Rodney O. Martin Jr., chairman and CEO of ING U.S., said Thursday he was encouraged by the response to the firm’s IPO, with investors showing “a strong commitment to our story.”
In an interview, Mr. Martin said he was pleased with the stock market reaction. Priced at $19.50 a share, the stock rose nearly 7% and closed at $20.84.
By 2014, the company will be renamed Voya Financial, and all of its products will be rebranded under the Voya name.
The IPO represents about 65.2 million shares, reducing the stake held by the company’s parent, the Dutch financial giant ING Group, to 75%.
Mr. Martin said ING Group will sell at least another 25% by the end of 2014, and sell its remaining shares by 2016.

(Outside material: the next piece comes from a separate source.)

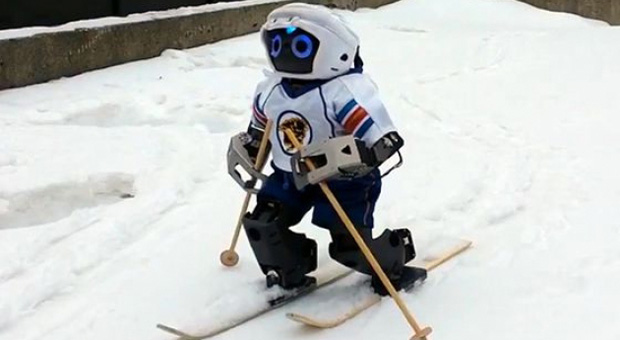 Ученые научили робота Дженнифер кататься на лыжах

The ING U.S. underwriters initially had priced the IPO in the range of $21 to $24 a share, indicating it could have raised as much as $1.5 billion instead of the approximately $1.3 billion at Thursday’s opening price.
“The pricing of a transaction of this size is more art than science,” Mr. Martin said.
The spinoff of ING U.S. will enhance its strategy of promoting retirement readiness, helping consumers with “asset accumulation, protection and distribution,” Mr. Martin said.
For the year ended Dec. 31, ING U.S. had pre-tax earnings of $1.1 billion, of which 74% came from its retirement and investment businesses, he said.
According to Pension & Investments’ survey of DC plan record keepers, ING U.S. was the fifth largest in assets, second largest in number of sponsors and third largest in number of participants as of Sept. 30, 2012.